Said start position of the guide vane 23 is defined as the radial plane through the bowl pump 1 that is located closest to the inlet 11 of the pump housing and that intersects the guide vane 23 the full distance from the imaginary inner surface 2 of the pump housing 10 to the imaginary outer surface 22' of the hub 14. Said end position of the guide vane 23 is defined as the radial plane through the bowl pump 1 that is located closest to the outlet 12 of the pump housing 10 and that intersects the guide vane 23 the full distance from the imaginary inner surface 2 of the pump housing 10 to the imaginary outer surface 22' of the hub 14. Thereto, each guide vane 23 has a relative axial position along the axial centre axis A starting from zero at the start position and ending at one at the end position.
Each guide vane 23 in each radial plane through the bowl pump 1 between the start position and the end position has a pressure side radial span 26, that extends between the intersection between the pressure side surface 24 of the guide vane 23 and the imaginary outer surface 22' of the hub 14 and the intersection between the pressure side surface 24 of the guide vane and the imaginary inner surface 21' of the pump housing, and has a suction side radial span 27, that extends between the intersection between the suction side surface 25 of the guide vane and the imaginary outer surface 22' of the hub and the intersection between the suction side surface 25 of the guide vane and the imaginary inner surface 2 of the pump housing.
Reference is now also made to figures 5a - 5f, disclosing six different radial planes or cross sections of the bowl pump 1. Figure 5a is taken at the start position of the guide vane 23 (i.e. at 0,0 relative axial position), figure 5b is taken at 0,2 relative axial position, figure 5c is taken at 0,3 relative axial position, figure 5d is taken at 0,5 relative axial position, figure 5e is taken at 0,8 relative axial position, figure 5f is taken at the end position of the guide vane 23 (i.e. at 1,0 relative axial position).
According to the invention each guide vane 23 has a mean radial span vane angle (d) determined as a mean value of:
- a pressure side radial span vane angle (a) between the pressure side radial span 26 and a radial line extending from the axial centre axis A through the intersection between the pressure side surface 24 of the guide vane and the imaginary outer surface 22' of the hub, wherein the pressure side radial span vane angle (a) is positive measured from said radial line and in the rotational direction from suction side to pressure side, and - a suction side radial span vane angle (b) between the suction side radial span 27 and a radial line extending from the axial centre axis through the intersection between the suction side surface 25 of the guide vane and the imaginary outer surface 22' of the hub, wherein the suction side radial span vane angle (b) is positive measured from said radial line and in the rotational direction from suction side to pressure side.
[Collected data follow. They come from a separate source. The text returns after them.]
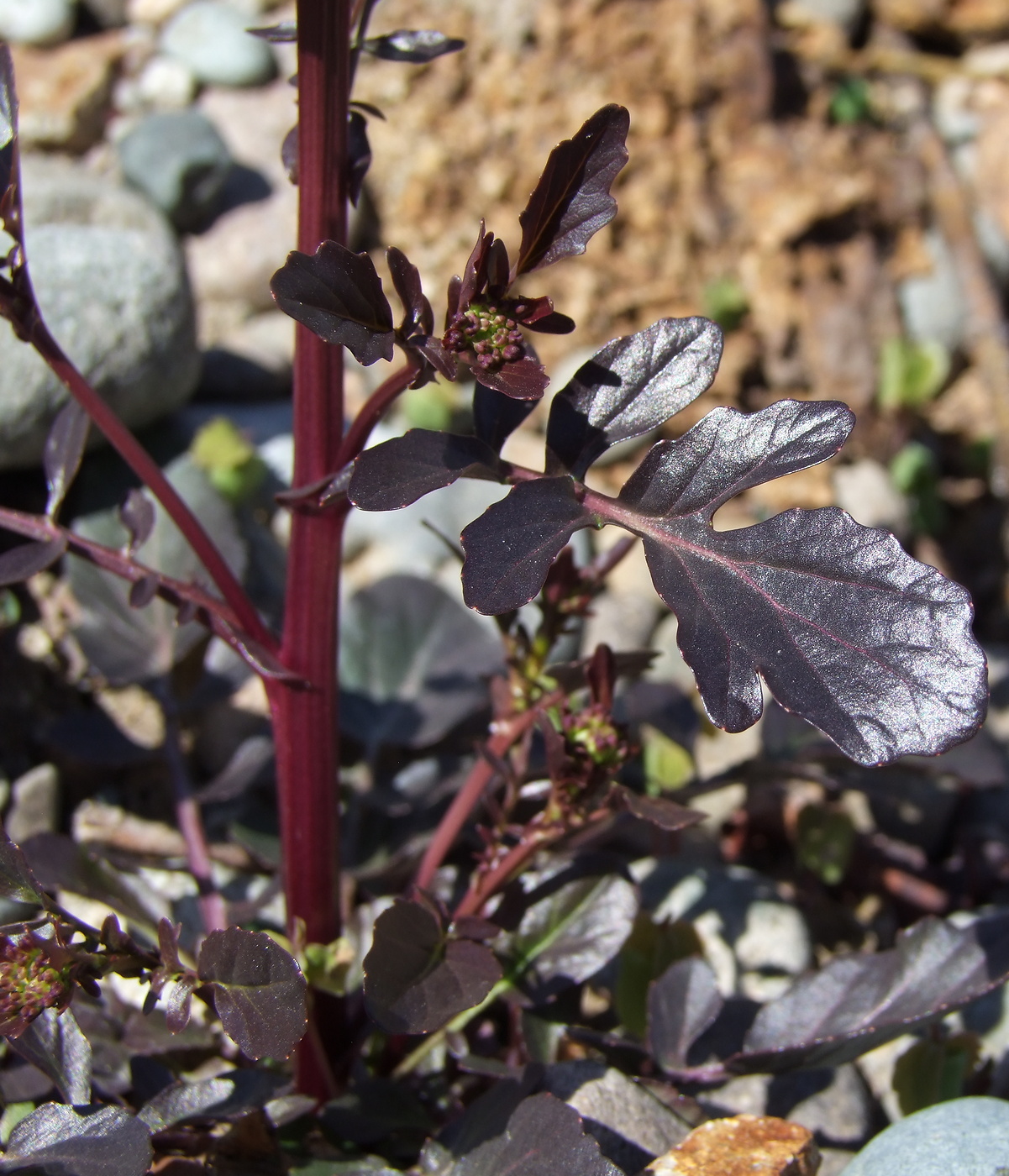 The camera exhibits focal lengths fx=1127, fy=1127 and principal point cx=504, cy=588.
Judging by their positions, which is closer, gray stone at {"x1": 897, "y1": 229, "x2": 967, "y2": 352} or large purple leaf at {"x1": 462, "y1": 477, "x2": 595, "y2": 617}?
large purple leaf at {"x1": 462, "y1": 477, "x2": 595, "y2": 617}

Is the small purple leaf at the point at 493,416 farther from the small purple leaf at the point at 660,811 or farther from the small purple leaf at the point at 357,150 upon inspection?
the small purple leaf at the point at 660,811

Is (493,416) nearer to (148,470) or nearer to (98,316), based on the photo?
(148,470)

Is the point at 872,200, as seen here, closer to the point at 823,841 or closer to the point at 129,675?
the point at 823,841

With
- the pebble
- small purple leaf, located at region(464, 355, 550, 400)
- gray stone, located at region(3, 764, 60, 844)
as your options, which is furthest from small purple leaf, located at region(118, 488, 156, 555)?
the pebble

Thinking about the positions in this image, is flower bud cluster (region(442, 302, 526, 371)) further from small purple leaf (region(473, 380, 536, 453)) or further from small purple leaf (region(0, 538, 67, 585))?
small purple leaf (region(0, 538, 67, 585))

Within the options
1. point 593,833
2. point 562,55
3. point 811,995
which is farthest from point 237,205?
point 811,995

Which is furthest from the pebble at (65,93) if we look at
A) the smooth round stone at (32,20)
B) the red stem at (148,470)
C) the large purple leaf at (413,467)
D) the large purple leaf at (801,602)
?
the large purple leaf at (801,602) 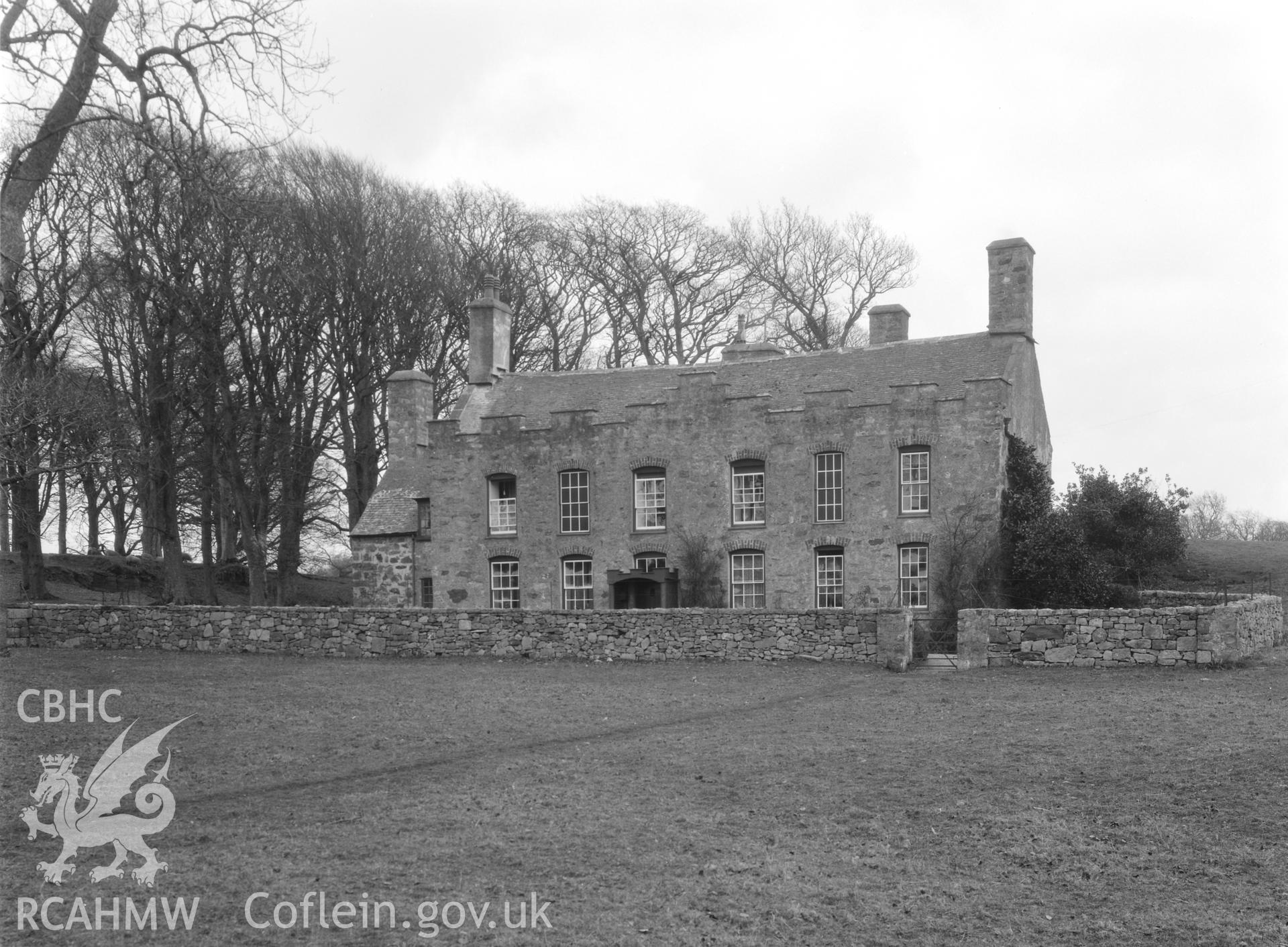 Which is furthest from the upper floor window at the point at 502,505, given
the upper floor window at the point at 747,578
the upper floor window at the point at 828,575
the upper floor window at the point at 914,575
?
the upper floor window at the point at 914,575

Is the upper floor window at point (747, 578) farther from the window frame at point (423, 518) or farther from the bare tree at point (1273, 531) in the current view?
the bare tree at point (1273, 531)

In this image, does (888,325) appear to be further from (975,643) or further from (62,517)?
(62,517)

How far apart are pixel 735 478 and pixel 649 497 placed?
2345mm

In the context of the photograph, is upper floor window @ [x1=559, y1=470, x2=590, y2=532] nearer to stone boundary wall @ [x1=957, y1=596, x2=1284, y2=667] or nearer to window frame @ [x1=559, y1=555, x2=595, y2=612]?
window frame @ [x1=559, y1=555, x2=595, y2=612]

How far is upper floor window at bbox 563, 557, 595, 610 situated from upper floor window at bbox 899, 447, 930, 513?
836 cm

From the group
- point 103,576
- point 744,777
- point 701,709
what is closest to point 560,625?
point 701,709

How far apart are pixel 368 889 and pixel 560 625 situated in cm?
1522

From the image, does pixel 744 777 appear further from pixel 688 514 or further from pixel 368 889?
pixel 688 514

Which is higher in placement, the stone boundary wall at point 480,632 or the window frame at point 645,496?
the window frame at point 645,496

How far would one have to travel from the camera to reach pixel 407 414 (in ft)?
125

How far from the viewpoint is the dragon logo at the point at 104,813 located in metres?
9.23

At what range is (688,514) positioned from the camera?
104 feet

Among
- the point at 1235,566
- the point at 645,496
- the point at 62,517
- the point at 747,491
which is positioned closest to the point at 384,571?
the point at 645,496

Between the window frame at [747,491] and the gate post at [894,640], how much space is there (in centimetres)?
930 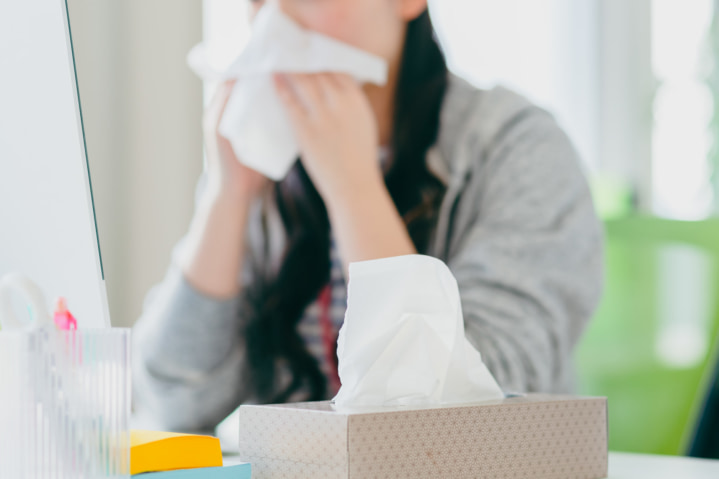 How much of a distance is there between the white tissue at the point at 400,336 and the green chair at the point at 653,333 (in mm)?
766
Each guide vane 23 has a mean radial span vane angle (d) that is equal to or more than 30 degrees from 0,1 to 0,2 relative axial position of the guide vane. Thus, in the stated range the guide vane has positive lean.
Thus, a positive mean radial span vane angle (d) disclose that the guide vane is tilted in a direction that is opposite the rotational direction of the impeller, i.e. clockwise in figure 4.
The described definition of the mean radial span vane angle is chosen in order to simplify measurement, i.e. in a 3D-model or a real bowl pump it is easy to provide a radial cross section through the bowl pump 1 and measure the defined angles.
According to preferred embodiments the mean radial span vane angle (d) is equal to or more than 30 degrees up to 0,3 relative axial position of the guide vane, preferably up to 0,5 relative axial position and most preferably up to 0,7 relative axial position, in addition to the mentioned range. Thereto, the mean radial span vane angle (d) is preferably equal to or more than 30 degrees from 0,05 relative axial position, in addition to the mentioned range. Thus, the upper and lower limit of the mentioned range may be adjusted independently from each other.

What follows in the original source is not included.